Ketua Umum PB LMII, Alialudin Hamzah, menegaskan bahwa label usia 3+, 7+, 13+, 15+, atau 18+ saja tidak cukup untuk melindungi anak-anak dari konten gim yang berbahaya.

Menurutnya, sistem rating usia semata tidak menjamin keamanan karena tidak mencakup aspek psikologis dan sosial dari konten gim, seperti yang dijelaskan dalam teori modern literasi digital dan media literacy.

LMII menilai pemerintah, khususnya Menteri Komunikasi dan Digital, Meutya Hafid, telah lambat dan reaktif dalam mengawal IGRS. Sistem ini resmi diluncurkan sejak 2016 melalui Peraturan Menteri Kominfo No. 11 Tahun 2016, namun baru ramai disuarakan sekarang, menimbulkan kesan pencitraan politik semata.

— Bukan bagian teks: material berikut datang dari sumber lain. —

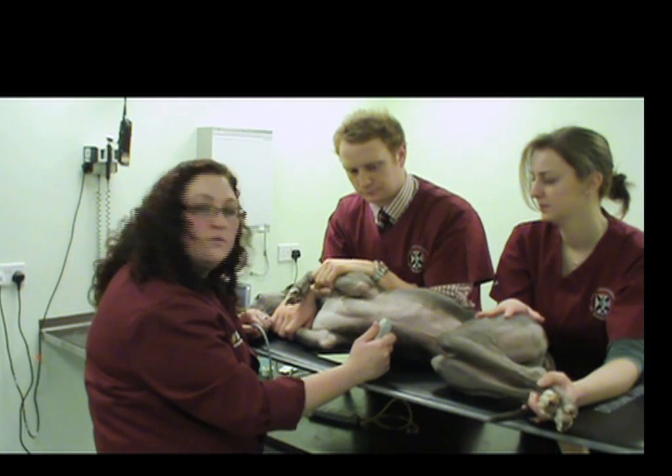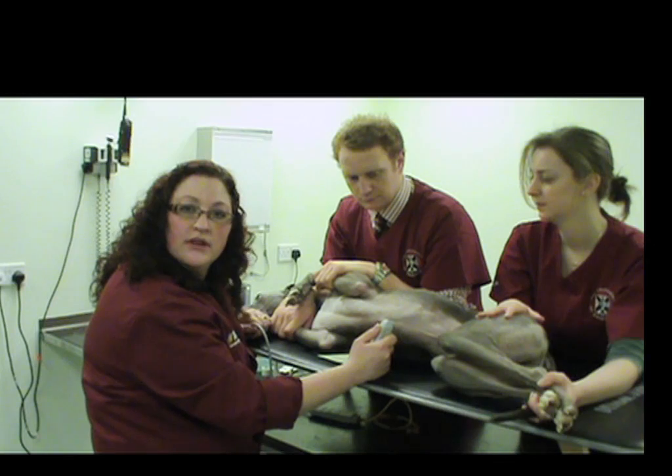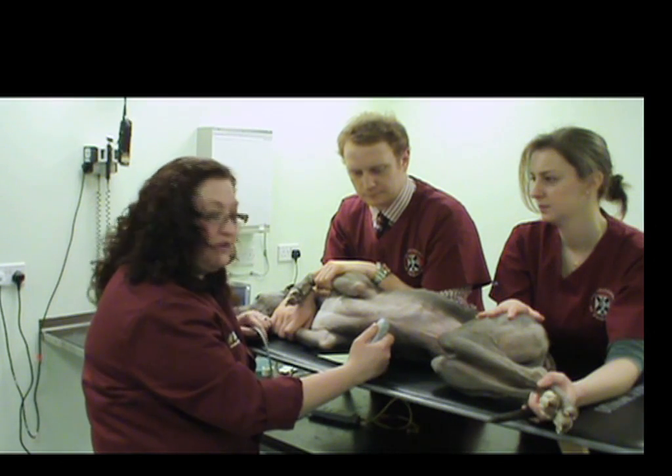So now we're ready to get started. What we will now do is just take a quick recap and look at what we need to change on the ultrasound machine and also how to hold the probe in order to optimize the quality of our images throughout the entirety of the ECHO exam.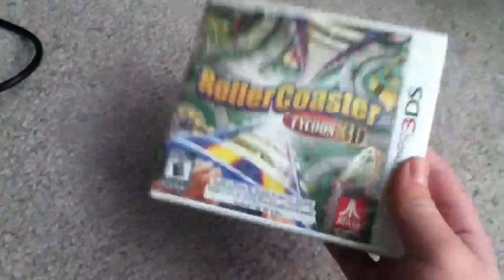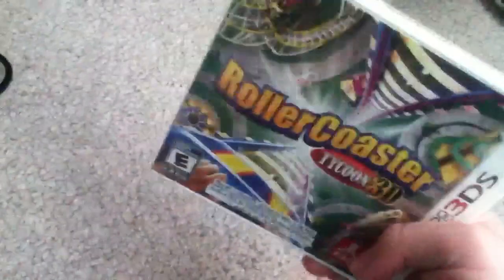I will make a separate video of me playing it, because I have a 3DS. I've been waiting for this for about a year. I pre-ordered it, and then I un-pre-ordered it because it didn't seem like it was coming out for a while, and then I ordered it again.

Fakta di lapangan menunjukkan lemahnya pengawasan, kurangnya edukasi digital, dan dominasi developer asing yang menekan industri lokal. Berdasarkan data industri, pada tahun 2022 Indonesia menempati posisi ketiga sebagai pasar gim terbesar di Asia Tenggara, dengan total unduhan mencapai 3,37 miliar dan transaksi senilai US$2 miliar, sementara pengembang gim lokal hanya menyumbang kurang dari 1% dari total nilai pasar.

Kasus mafia akses judi online pada November 2024 semakin menegaskan kritik LMII. Sebanyak 10 pegawai Kominfo terlibat membuka situs judi online dengan imbalan jutaan rupiah, termasuk pegawai yang seharusnya melindungi masyarakat dari konten berbahaya. Tindakan Menteri Meutya Hafid yang hanya memecat pegawai dianggap LMII simbol formalitas, tanpa adanya perubahan sistemik yang mencegah praktik serupa di masa depan.

“Label usia saja tidak cukup. Pemerintah dan Menteri Komdigi gagal menunjukkan keseriusan. Anak-anak Indonesia tetap menjadi korban kebijakan formalitas dan kepentingan industri asing,” tegas Alialudin, 13/10/2025

LMII menegaskan bahwa IGRS, dalam bentuk sekarang, hanya menjadi alat pencitraan. Generasi muda Indonesia masih terpapar risiko konten berbahaya, sementara pengambil kebijakan tampak lebih sibuk menjaga citra daripada melindungi rakyat.